He won’t jump for less than 10,000 Ugandan shillings – about $3 – and sometimes makes as much as 30,000 shillings ($9) a swim.

“I take it as a job. It’s a source of income,” he says. That means he has to think like a businessman, a task at which he’s had a lot of practice.

One of six children, Wasige earned a living for his family as a coffee coyote of sorts, buying beans in villages and bringing them to Jinja to sell at a profit. Even such meager business was lucrative enough that Wasige dropped out of school after only two years of education.

If he’d stayed in school, he thinks, his English would be good enough to be a rafting guide. But he knows only Luganda, and the river, and so he makes money by scoping out cash the best way he knows how: angling for tourists from the “rich” countries.

“Africans and the bazungu pay best,” he says, using the Swahili word for “white people.”

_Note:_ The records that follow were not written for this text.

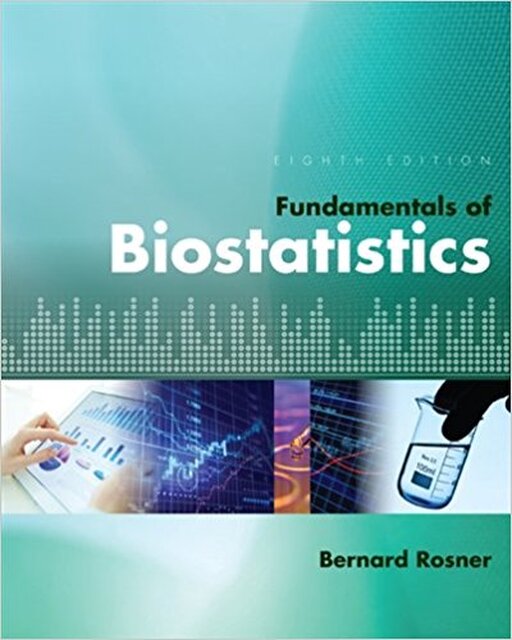 Fundamentals of Biostatistics - Bernard Rosner Fundamentals of Biostatistics - Bernard Rosner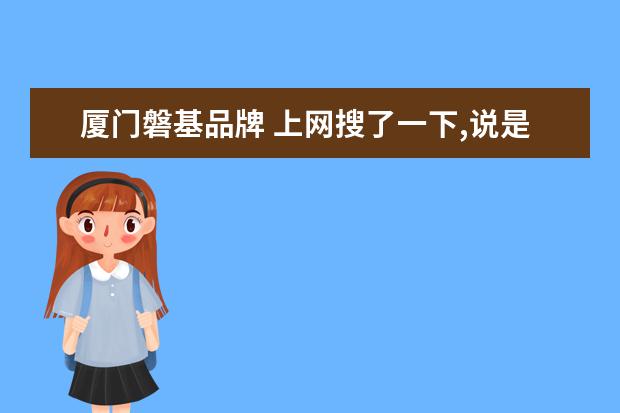 厦门磐基品牌 上网搜了一下,说是厦门磐基国际名品中心有卖名品。...
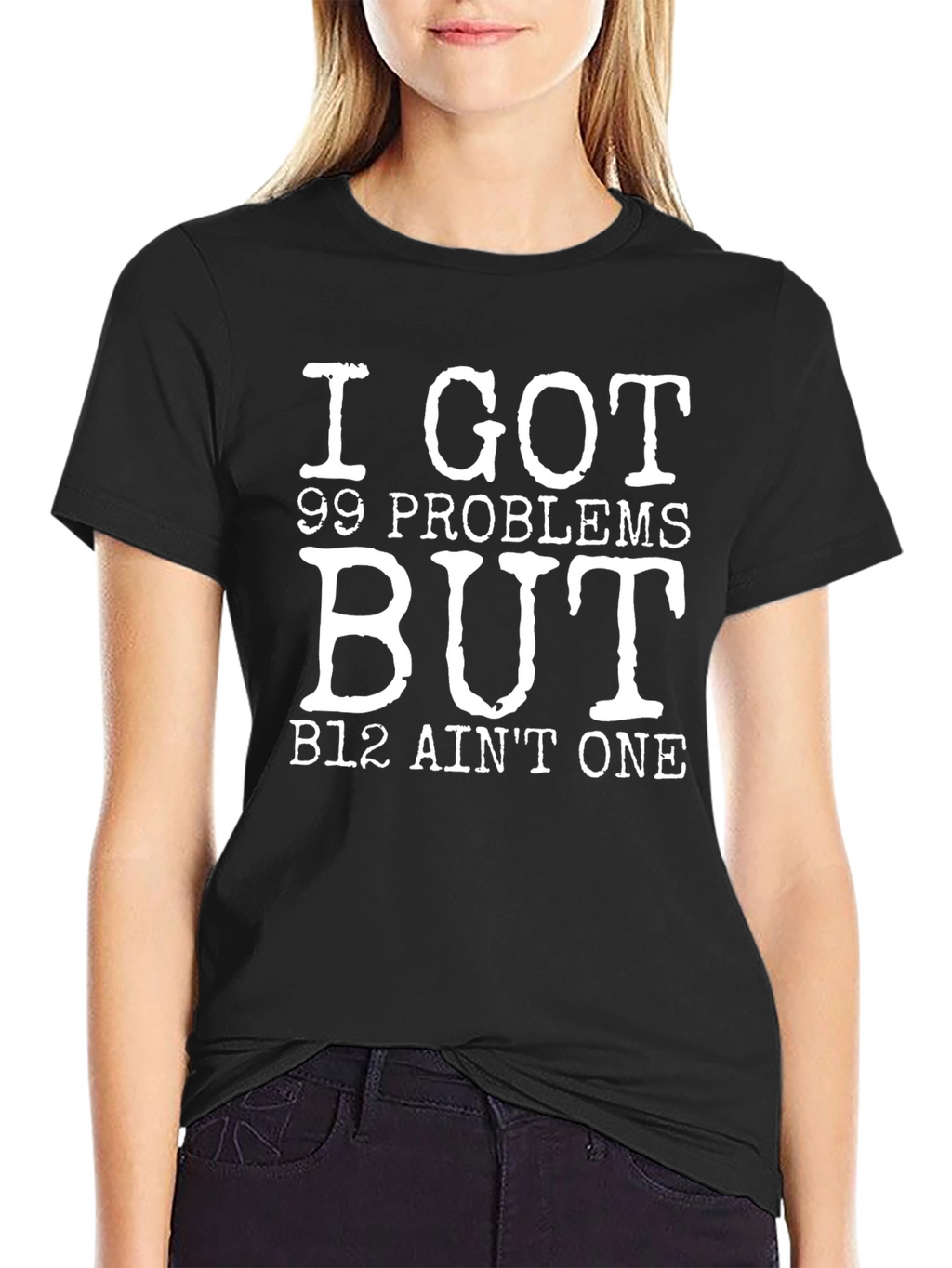 99 Problems B12 T-Shirt - Black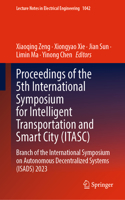 Proceedings of the 5th International Symposium for Intelligent Transportation and Smart City (Itasc)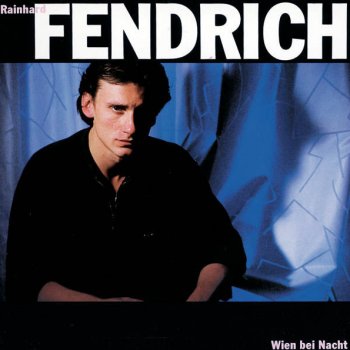 Rainhard Fendrich Manchmal Denk I No an Di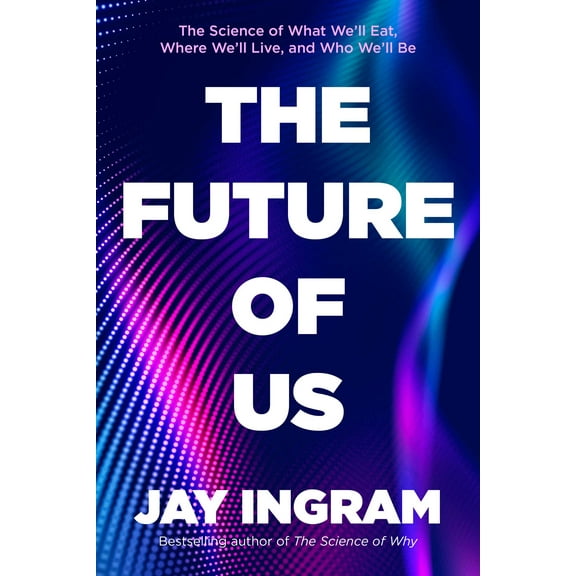 The Future of Us : The Science of What We'll Eat, Where We'll Live, and Who We'll Be (Hardcover)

And then there are those who are so cheap that they never pay at all. Wasige isn’t certain how many times he’s been stiffed. “It happens,” he acknowledges with a shrug. “I feel bad, but I let them go. I don’t want to fight with people.”

•••

For all his business sense, Wasige will soon be out of a job. The government of Uganda expects its pet power project, the Bujagali Dam, to be finished in three years. It says the dam will increase the electricity output in the power-strapped country; opponents say the project will ruin the scenic beauty of the Nile, which has made tourism on the Bujagali stretch a million-dollar-a-year industry.

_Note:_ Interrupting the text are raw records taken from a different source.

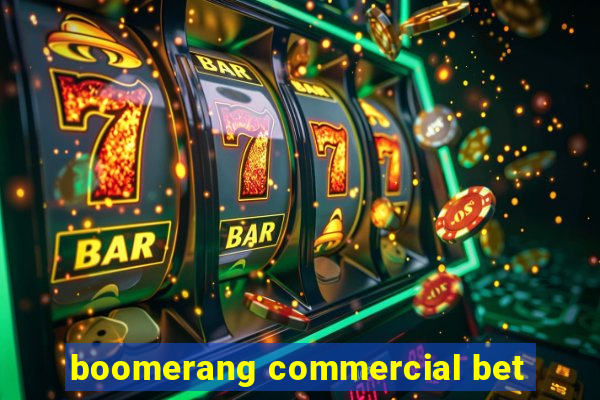 boomerang commercial bet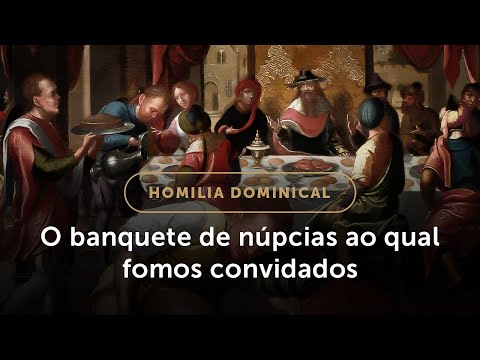 Homilia Dominical | O banquete de núpcias ao qual somos chamados (28.º Domingo do Tempo Comum)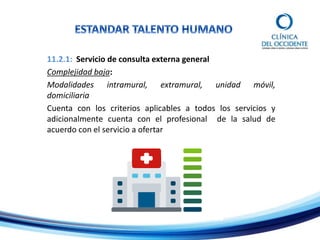 11.2.1: Servicio de consulta externa general
Complejidad baja:
Modalidades intramural, extramural, unidad móvil,
domiciliaria
Cuenta con los criterios aplicables a todos los servicios y
adicionalmente cuenta con el profesional de la salud de
acuerdo con el servicio a ofertar
 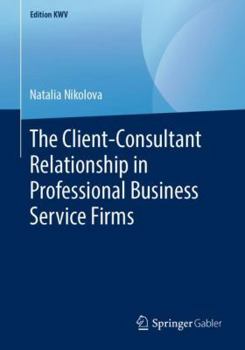 Paperback The Client-Consultant Relationship in Professional Business Service Firms Book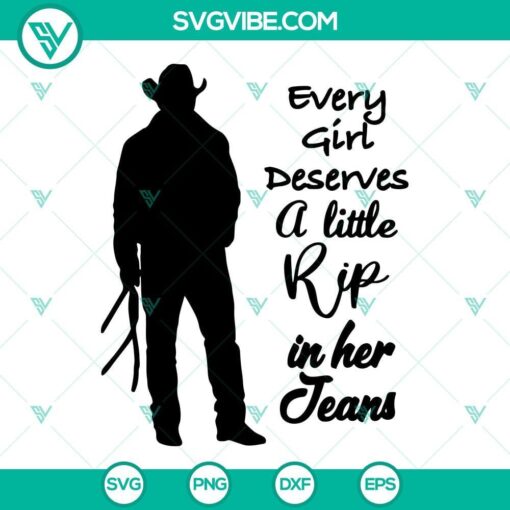 every girl deserves a little rip in her jeans svg png dxf eps file digital download 10 mockup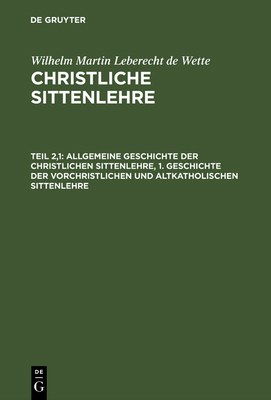 Allgemeine Geschichte Der Christlichen Sittenle... [German] 3111068420 Book Cover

But the high-level policy debate doesn’t matter much to Wasige and the hundreds of other locals who earn their living from these waters. Since construction started on the dam last year, they’ve seen the water levels drop, and some rapids disappear completely. The rafting companies are planning to move closer to Kampala, where they expect the Nile to swell and make slightly less adventure-worthy rapids.

But Wasige and the other Bujagali Swimmers don’t have much interest in relocating. They grew up on the Falls, and this was a job of convenience, after all. Besides, Wasige says, he’ll be almost 30 when the dam is finished, the age he says marks “getting old.”

“I’ll get a plan when I get old….It is why I’m learning to drive,” says Wasige, who hopes he can learn fast enough to make a living as a taxi man. “The dam will be up in two years…. I’ll be 30. It will be the end of me.”